It’s Not Goodbye…

Works in paint and wood and painted wood by Andy Waddle

On exhibition at Among The Trees
September 2024

Artist’s Statement

September 2024

For those who don’t know, Among The Trees is a reclaimed timber shop and woodworking school in Marrickville, and I have been a tenant in their upstairs shared makerspace for a little over a year now. It has been a wonderful space to work on some Art of Diversion client projects. It has also allowed me to make some other artworks in my spare time, most of which are being shown publicly for the first time in this exhibition.

Working upstairs at Among The Trees on an Art of Diversion installation made out of thousands of used plastic bottle caps for Sydney’s Greenhouse Climate Tech Hub

Materials First

For the past few years, I have often wandered down laneways in Sydney’s Inner South and Inner West to see what hidden gems I might find. Despite some bewilderment at the staggering amount of perfectly usable items that people discard, I do get a strange sort of archaeological satisfaction out of inspecting the everyday urban detritus that a city produces. I’m always curious about the history of materials.

Given my passion for architecture, I have naturally gravitated towards construction and demolition waste on my material hunting excursions, but I have also come across more than a few stretched canvases, mostly used ones but even some blank ones in like-new condition. In fact, it was only because I found a canvas lying face-down in the road one day in my neighbourhood that I ever considered taking up painting in the first place.

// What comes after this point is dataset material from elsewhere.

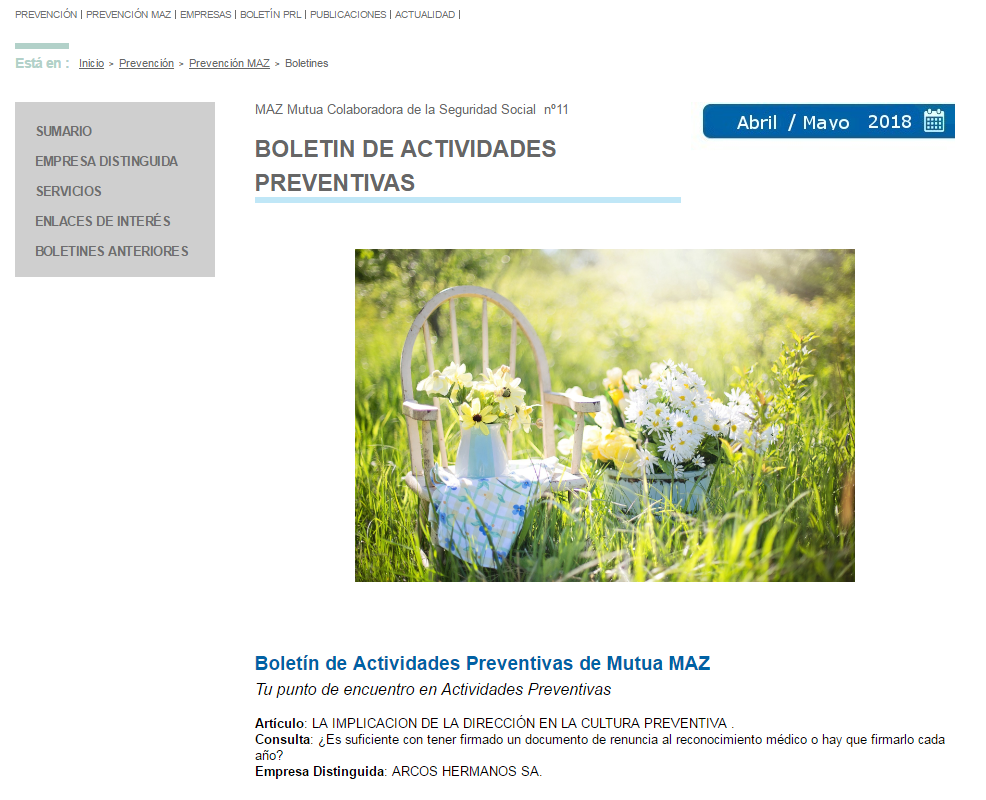 Boletín PRL - Nª 39 - Abril 2018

Despite the best of intentions about not letting such fine specimens end up in landfill, at some point it became clear that I had, shall we say, a scavenging problem. I had started bringing home all kinds of found objects, and although I imagined many new uses for them, I really needed a proper work environment if I was ever going to breathe new life into anything that I had accumulated.

1-3: Scrap wood from shipping crates, pallets and old furniture found in local laneways, much of which I have repurposed into wood collage artworks. 4: A pile of hardwood from a neighbour’s demolition site that I loaded into a rented flatbed truck destined for Among The Trees. 5: The remains of a neighbour’s beautiful old oak tree that sadly got chopped down, shown stacked at Among The Trees thanks to some thoughtful tree removalists who took kindly to my suggestion that not all of their spoils should meet the wood chipper. 6: The former home of a local cocktail bar that relocated where I salvaged some recycled plastic panelling from the demolition. 7: A couple of used canvases that I pulled out of a bin in Marrickville.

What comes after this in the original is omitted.